Seattle Vocations Blog

Thoughts from priests, seminarians, and religious on discernment
and living out your vocation in the real world.

 

Forming Our Future Priests

October 04, 2018

Written by Fr. Bryan Dolejsi, published in NW Catholic Oct. 2018, nwcatholic.org

Amid recent revelations of clergy sexual abuse in the news, as the director of vocations for the Archdiocese of Seattle, I would like to provide some background on how the church currently screens and trains our seminarians.

A man considering priesthood has several ways to discern God’s will — and the church has many opportunities to evaluate him — before he even applies to seminary. I personally get to know him during one-on-one meetings and at priesthood discernment events. Depending on his situation, I encourage him to receive the sacraments regularly and grow in prayer, provide reading materials about priesthood, connect him with a spiritual director, ask him to become involved in ministries at his parish, encourage ongoing education, organize a seminary visit to shadow our Seattle seminarians, have him speak with his pastor, and perhaps have him live in a house of discernment (Vianney House) I oversee.

I also ask the candidate about his relationship with Jesus, family background, whether he has discerned marriage or dated, and who his friends are and why. If, over the course of a year or more, it looks like he could make a good candidate for seminary, I provide him with an application.
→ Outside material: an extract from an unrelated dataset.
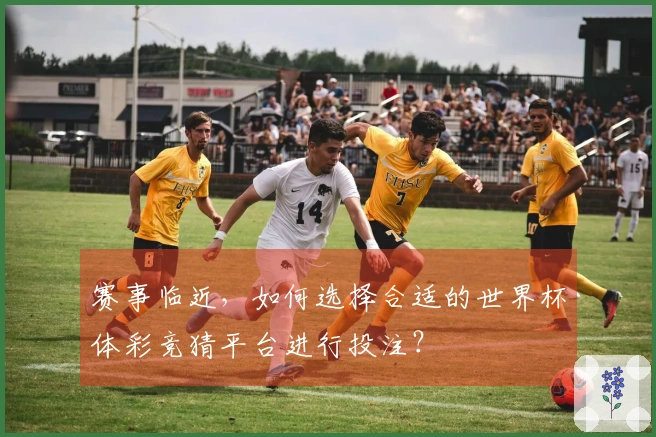 赛事临近，如何选择合适的世界杯体彩竞猜平台进行投注？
The application is 35 pages and includes questions about family of origin, sense of calling by God, gifts and limitations, and personal interests. The candidate also goes through a full independent psychological assessment. We are looking for a faithful, healthy, well-balanced, bright individual who has the gifts necessary to serve as a priest. The psychologist looks for any personality disorders and also asks questions regarding sexual history and the candidate’s ability to live the vow of celibacy in a healthy way. The applicant also completes a physical, obtains letters of recommendation and academic transcripts, and goes through a comprehensive background check, safe environment training and a social media background check.

The candidate then goes through an interview with the admission board — myself, one of our auxiliary bishops, two local pastors, the archdiocesan HR director, and the chief of staff of our clergy office. The candidate then meets one-on-one with the archbishop, who also reviews his entire application including the admission board’s recommendation. If accepted by the archbishop, the man is officially a seminarian of the Archdiocese of Seattle. He then goes through a similar application at his seminary. The process usually takes three to six months to complete — and that’s after a year or more of initial discernment.

Seminary formation lasts between five and nine years depending on the candidate’s academic and ministry background. Following the U.S. Conference of Catholic Bishops’ Program of Priestly Formation, there are four pillars of seminary formation: spiritual (regular reception of the sacraments, common and personal prayer, retreats, spiritual direction, etc.); human (physical health, celibacy formation, healthy relationships, counseling if needed, time and stress management, etc.); academic (studying philosophy and theology); and pastoral (developing ministerial skills such as teaching, works of mercy, etc.).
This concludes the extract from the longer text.